■ **Exercise brief**
Your task is to copy the listing exactly. Drop any pictures from the copy.

■ **Information shown**
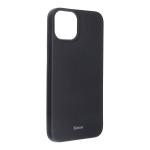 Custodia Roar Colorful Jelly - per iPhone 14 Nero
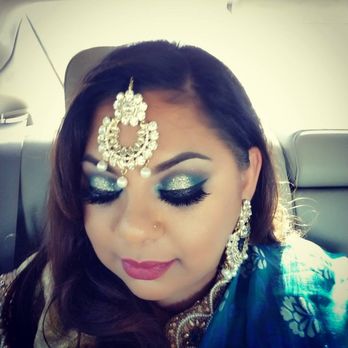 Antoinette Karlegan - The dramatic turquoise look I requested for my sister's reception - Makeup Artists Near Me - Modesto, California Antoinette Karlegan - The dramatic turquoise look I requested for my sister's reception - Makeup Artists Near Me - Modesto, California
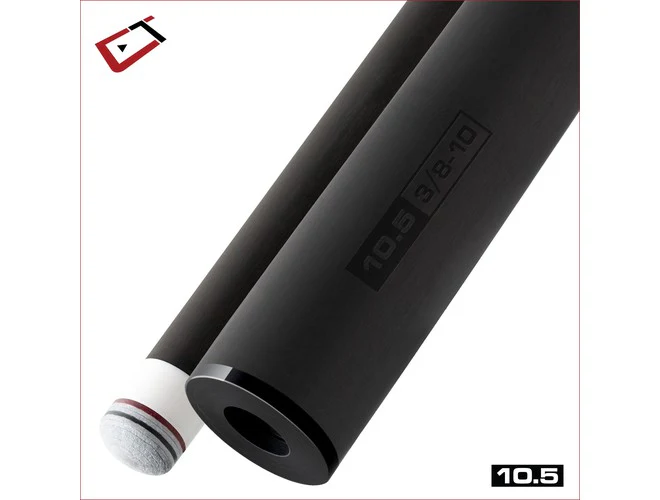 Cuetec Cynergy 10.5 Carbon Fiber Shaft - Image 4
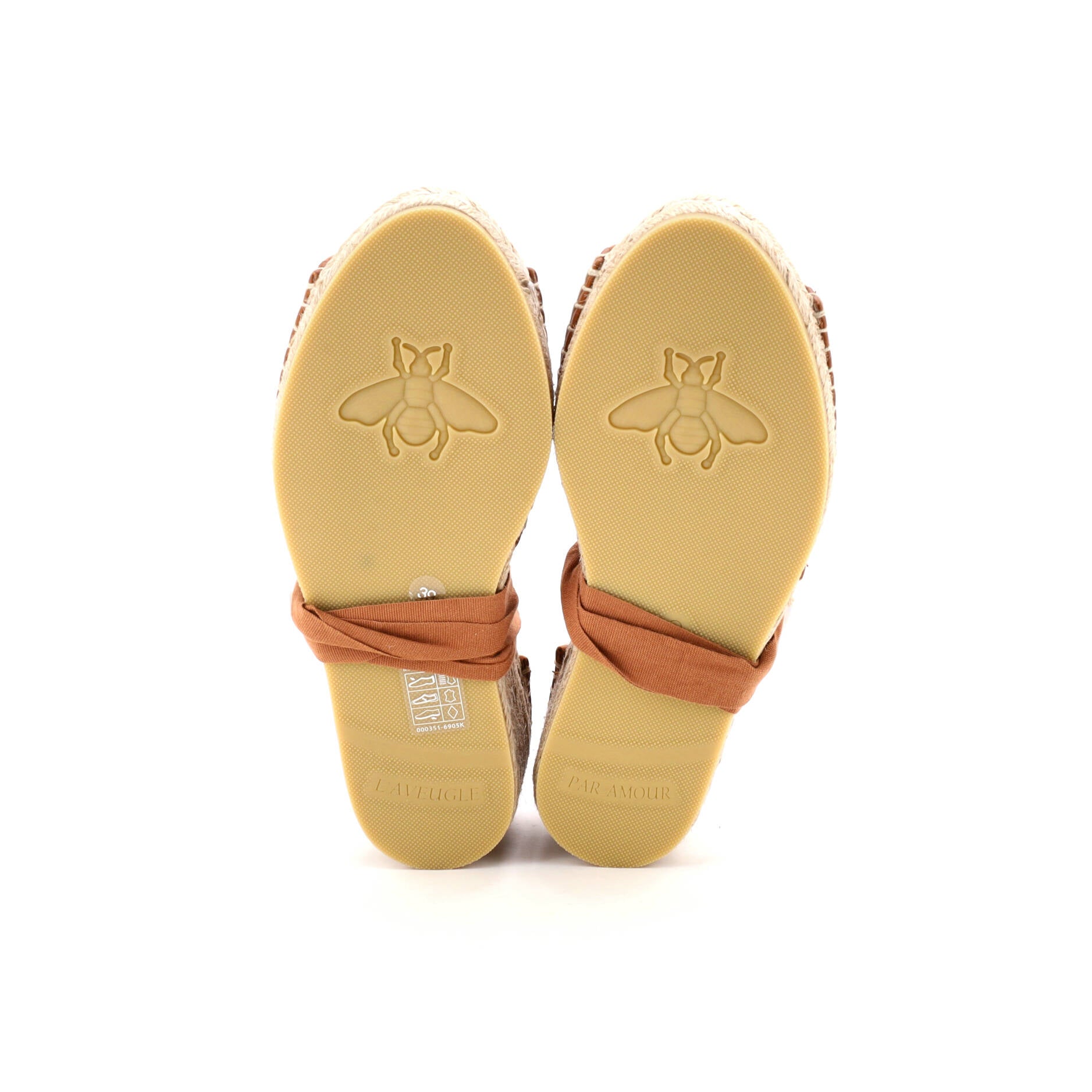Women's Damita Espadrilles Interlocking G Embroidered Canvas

■ **Answer section**
 Custodia Roar Colorful Jelly - per iPhone 14 Nero
 Antoinette Karlegan - The dramatic turquoise look I requested for my sister's reception - Makeup Artists Near Me - Modesto, California Antoinette Karlegan - The dramatic turquoise look I requested for my sister's reception - Makeup Artists Near Me - Modesto, California
 Cuetec Cynergy 10.5 Carbon Fiber Shaft - Image 4
Women's Damita Espadrilles Interlocking G Embroidered Canvas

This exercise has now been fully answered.